Real-Time Web Analytics with Kinesis Data Analytics
Real-Time Web Analytics with Kinesis Data Analytics

Solution Components

Beacon Code

The Real-Time Web Analytics with Kinesis Data Analytics solution includes beacon code that you add to your web server. This code enables your users' web browsers to send requests to the solution's web servers. The requests include header information that is used to calculate the metrics that are displayed as a count over a 10 second time window on the solution's real-time dashboard.

var http = new XMLHttpRequest(); var url = beacon_url; //from Outputs section of CloudFormation stack"POST", beacon_url); http.setRequestHeader("event","click"); http.setRequestHeader("clientid","user123"); http.setRequestHeader("page", window.location.pathname.split("/").slice(-1)); http.setRequestHeader("referer",document.referrer); http.setRequestHeader("custom_metric_name","userAgent"); http.setRequestHeader("custom_metric_string_value",navigator.userAgent); http.send();

Figure 3: Sample beacon code

Metric Headers

This solution includes headers you use to collect website usage metrics that are displayed in the dashboard. The following headers are passed to the beacon server.

  • event: String used to capture the user event (For example, click, pageview, playvideo, conversion, exception, login, logoff)

  • page: Webpage associated with the event (For example, window.location.pathname or window.location.pathname.split("/").slice(-1))

  • referrer: Referring page (For example, document.referrer)

The solution also includes headers you can use to include custom metrics on the real-time dashboard. The following headers define the name of the custom metric and the different data types of the values that are passed to the beacon server.

  • custom_metric_name: Defines the name of your custom metric

  • custom_metric_int_value: For custom metrics with integer values

  • custom_metric_float_value: For custom metrics with float values

  • custom_metric_string_value: For custom metrics with string values

Beacon Web Servers

Real-Time Web Analytics with Kinesis Data Analytics uses two Amazon Elastic Compute Cloud (Amazon EC2) instances for the beacon web servers.
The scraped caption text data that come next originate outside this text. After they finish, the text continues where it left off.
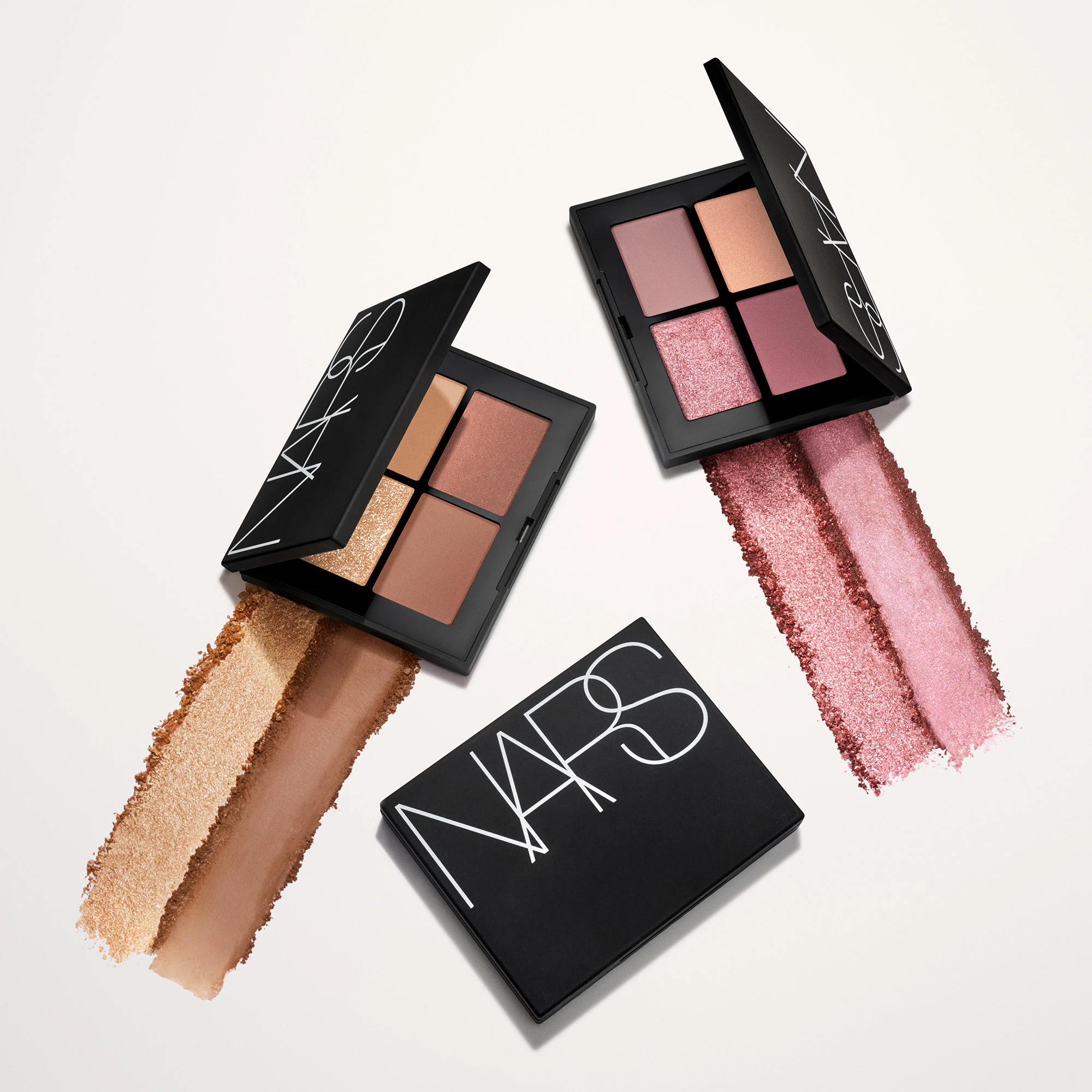Tre NARS øyenskyggepaletter vises mot en lys bakgrunn, hvorav to er åpne med fire nyanser hver i beige, brune, rosa og skimrende toner. Synlig tekst: “NARS” på lokkene, og utstrøkne øyenskygger viser pigmenter i gull-, brun-, rosa- og roséglitrende nyanser.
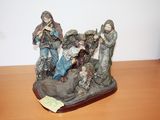 a figurine of a group of people sitting on a table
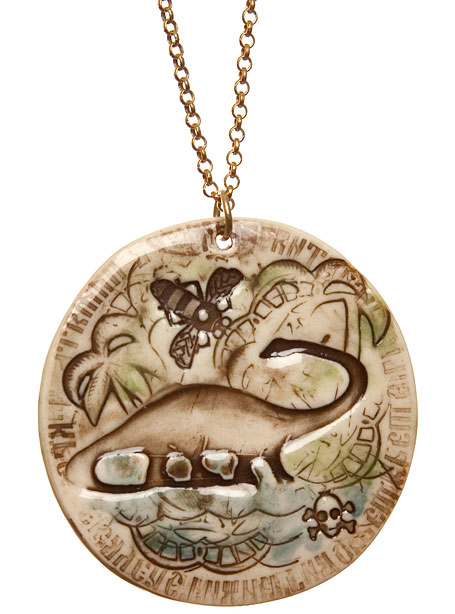 Dinosaur with rainbow medallion by Iggy & Lou Lou Dinosaur with rainbow medallion by Iggy & Lou Lou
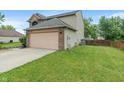 Side view of a well-maintained home featuring a spacious two-car garage and a lush green lawn at 1408 Snead Cir, Avon, IN 46123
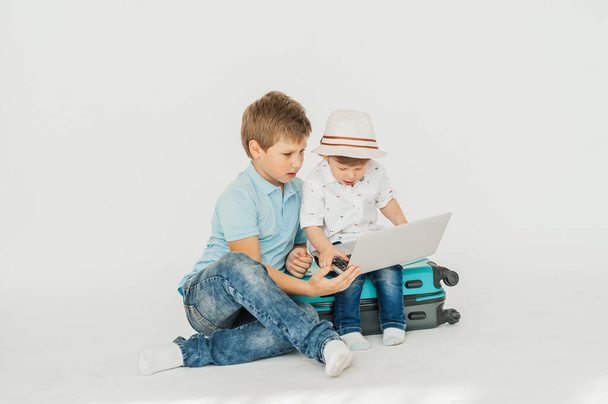 Two Happy boys, brother and brother are carrying a big suitcase on a white background, and expecting the big vacation - Foto, Imagen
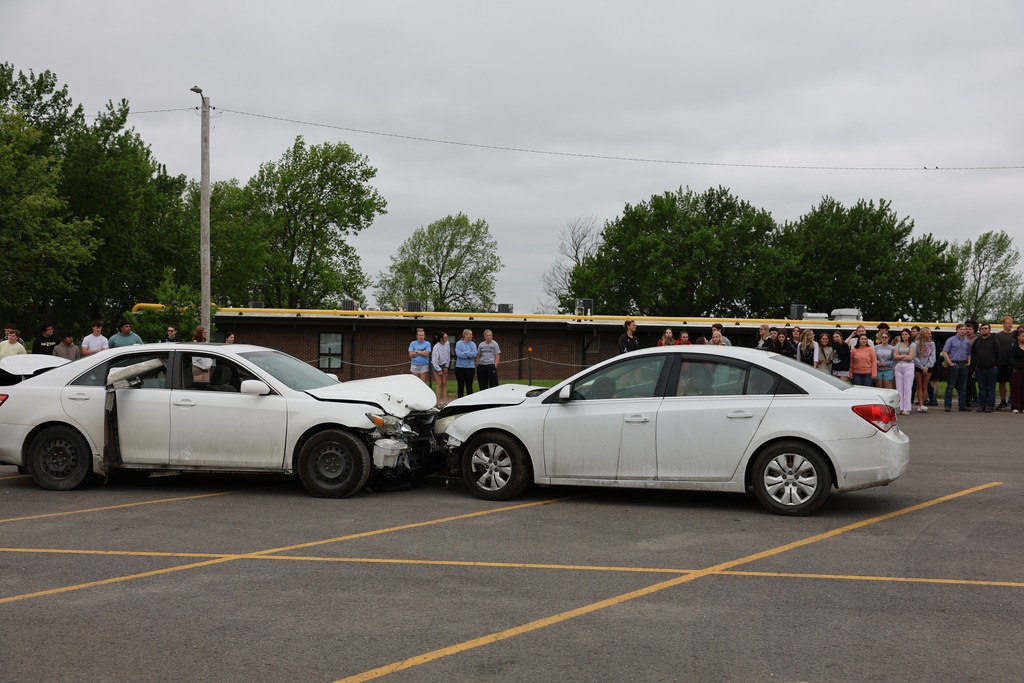 Two damaged cars staged in a crash scene as students observe the Docudrama safety demonstration.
You can choose from two preset configurations to support your anticipated request traffic: 50K requests per minute (t2.medium instance) or 100K requests per minute (m5.large instance). Note that the Auto Scaling group will scale in the preset increment (50K or 100K).

Amazon Kinesis Data Analytics Application

This solution includes an Amazon Kinesis Data Analytics application with SQL statements that compute metrics for the built-in dashboard. The application reads records from the Amazon Kinesis Data Firehose delivery stream, and runs the SQL queries to emit specific website clickstream metrics, which are stored in Amazon DynamoDB. For more information, see Appendix A.

Amazon DynamoDB

The Real-Time Web Analytics with Kinesis Data Analytics solution creates an Amazon DynamoDB table: Metrics.

The Metrics table stores the following information on metrics computed by the Amazon Kinesis Data Analytics application:

  • MetricType: The name of the computed metric

  • AmendmentStrategy: The amendment strategy for metric detail items with identical timestamps. For more information, see Amendment Strategy.

  • IsSet: Indicates whether there is more than one data point in a metric detail item. For one data point, set this item to false. For more than one data point, set this item to true.

  • IsWholeNumber: Indicates whether the value of this metric is an integer or a float value. For an integer value, set this item to true. For a float value, set this item to false.

Amendment Strategy

This solution includes an amendment strategy that defines how the solution handles a new record with the same timestamp as a record that has already been received. You can choose from the following three options:

  • Add: Adds values from the new record to values from the existing record. For example, if a record is received for event_count with a value of logon 10 that has the same timestamp as an existing event_count record that has a value of logon 4, the values will be added together (10 + 4) and the existing record will be updated with the new value: logon 14.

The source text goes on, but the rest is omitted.